Kostenpflichtige Veröffentlichung der DIN-Normen
Das Deutsche Institut für Normung verfügt mit dem Beuth Verlag über eine Tochtergesellschaft, die Normen, Regelwerke und Fachliteratur zu den DIN-Normen veröffentlicht. Diese Publikationen erfolgen in Papierform und online. Der Service ist kostenpflichtig. Damit erfüllt der Beuth Verlag eine weitere Funktion: Mit seinen Einnahmen trägt er wesentlich zur Finanzierung des Instituts bei.

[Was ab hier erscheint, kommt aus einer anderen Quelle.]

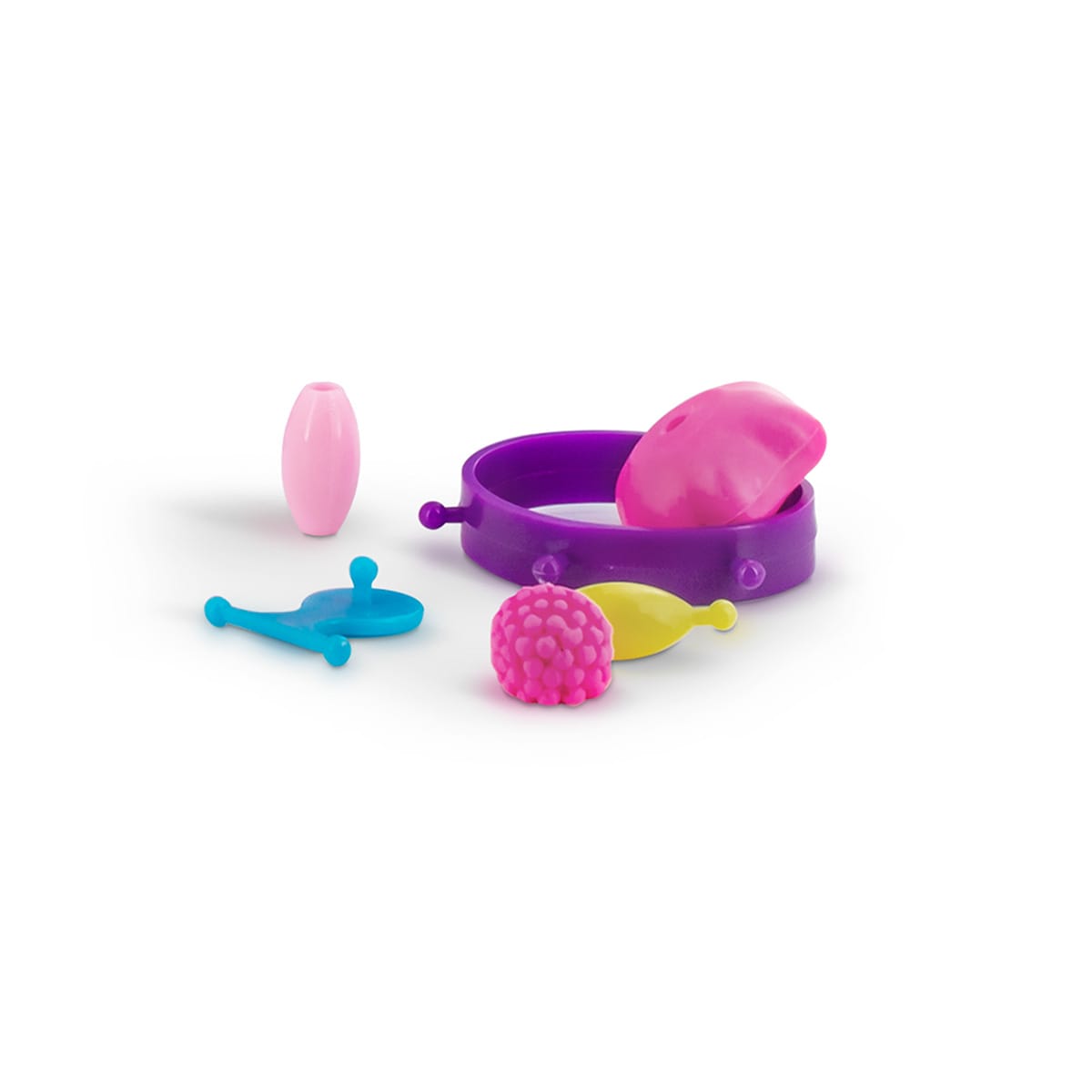 Kit de abalorios Pop Collection El Corte Inglés 3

DIN-Normen: ein kurzer Ausblick
Momentan prägt die rasante Digitalisierung die Weltwirtschaft. Für Normungsorganisationen wie das Deutsche Institut für Normung bedeutet dies: Auch deren Arbeit wandelt sich. Mittlerweile beziehen sich viele Normungsverfahren auf Softwareprodukte, digitale Lösungen und die Folgen der Digitalisierung. Zugleich wird die Internationalisierung der Normen noch wichtiger, weil sich die Wirtschaft im digitalen Zeitalter zunehmend vernetzt.